Djemal Pasha was the commander of the 4th Turkish army operating in Syria during WWI (1914-18). He actively participated in the mass deportation and massacres of the Armenians of Historical Armenia, Cilicia, and drowned the self-defense forces of the Armenians of Urfa in blood. Djemal suppressed Arab national liberation movements in Syria, Lebanon, and Palestine.
After Turkey’s defeat in the war (1918), he fled to Germany. In 1919, the military court of Constantinople sentenced Djemal to death in absentia.
In July 1922, on the way from Moscow to Ankara, former Minister of the Turkish Navy Djemal Pasha stopped in Tbilisi. By the will of fate, Artashes Gevorgyan, Petros Ter-Poghosyan, Stepan Tsaghikyan, and Zareh Melik-Shahnazaryants were in Tbilisi. They organized and carried out the assassination of Djemal.

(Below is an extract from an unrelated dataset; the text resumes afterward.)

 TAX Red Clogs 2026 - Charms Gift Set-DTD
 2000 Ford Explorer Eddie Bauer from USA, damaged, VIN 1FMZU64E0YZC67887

July 21, 1922, was fatal for Djemal Pasha. On Pushkin Street in Tbilisi, Artashes and Petros approached Djemal and his two companions. The sacred hour of just revenge came…
“… And my sister, beautiful Anik, who was not even 16 years old and who was brutally raped near Urfa, stood before my eyes at that moment. Hands on her knees, bowing her head, my sister-martyr,” Artashes Gevorgyan recalls this moment.
“Pasha, pasha! Remember Urfa, Der Zor!” Artashes shouted, firing.